I'm ordering this cage new tomorrow. Best price I've seen is £244 delivered. 

Is there anywhere cheaper at all or is £244 a good price?

Will be the home of 8 female rats, but apparently this cage can house 12 rats. If this is true it gives me room for 4 more rats if ever wanted


----------



## petzplazaUK (Feb 21, 2011)

not sure about the pricing but it looks good,its very much like the sky x trail one i sell( at £209 but obviously not savic). the ratties should love it


----------



## Tapir (Mar 20, 2010)

I comfortably kept 7 rats in a Liberta Explorer. I'd keep a max of 9 in one of these cages.
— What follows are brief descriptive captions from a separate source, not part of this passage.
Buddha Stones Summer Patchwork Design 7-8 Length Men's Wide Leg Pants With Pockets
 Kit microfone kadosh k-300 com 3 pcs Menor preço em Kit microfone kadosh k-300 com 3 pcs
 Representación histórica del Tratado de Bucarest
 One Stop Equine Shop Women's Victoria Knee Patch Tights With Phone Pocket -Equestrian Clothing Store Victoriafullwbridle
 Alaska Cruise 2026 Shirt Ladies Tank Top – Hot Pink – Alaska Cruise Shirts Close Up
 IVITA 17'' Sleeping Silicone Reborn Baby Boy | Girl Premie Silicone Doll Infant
Lots of space and great levels, available for about £139


----------



## LostGirl (Jan 16, 2009)

seems about the right price id prob keep 12 does in there but not bucks going by the size difference mine have!


----------



## manic rose (Mar 12, 2011)

managed to get mine for about £200 on amazon. was watching it for a while and the price tends to go up and down a lot on there


----------



## Lil Miss (Dec 11, 2010)

what about the high rise mammal?
its bigger and cheeper, (works out at £161.95 with shipping) not sure on bar spacing for rats though, we use these for our chins, with the trays replaced though.
FERRET CHINCILLA CAGE HIGH RISE


----------



## secretpennell (Mar 29, 2010)

Lil Miss said:


> what about the high rise mammal?


Bar spacing is too wide for girls and smaller boys.


----------



## dorris1988 (Jul 21, 2011)

Ive got this cage sat in my frontroom for when i move house on monday, my three boys will be moving from a ferplast furet XL into this... I paid 260 for it from Amazon... Should have looked around a bit more i guess! Was initially going to go for the explorer but i didnt mind spending the extra for a better quality cage!


----------



## nattymariax (Sep 1, 2010)

dorris1988 said:


> Ive got this cage sat in my frontroom for when i move house on monday, my three boys will be moving from a ferplast furet XL into this... I paid 260 for it from Amazon... Should have looked around a bit more i guess! Was initially going to go for the explorer but i didnt mind spending the extra for a better quality cage!


Hi Aaron


----------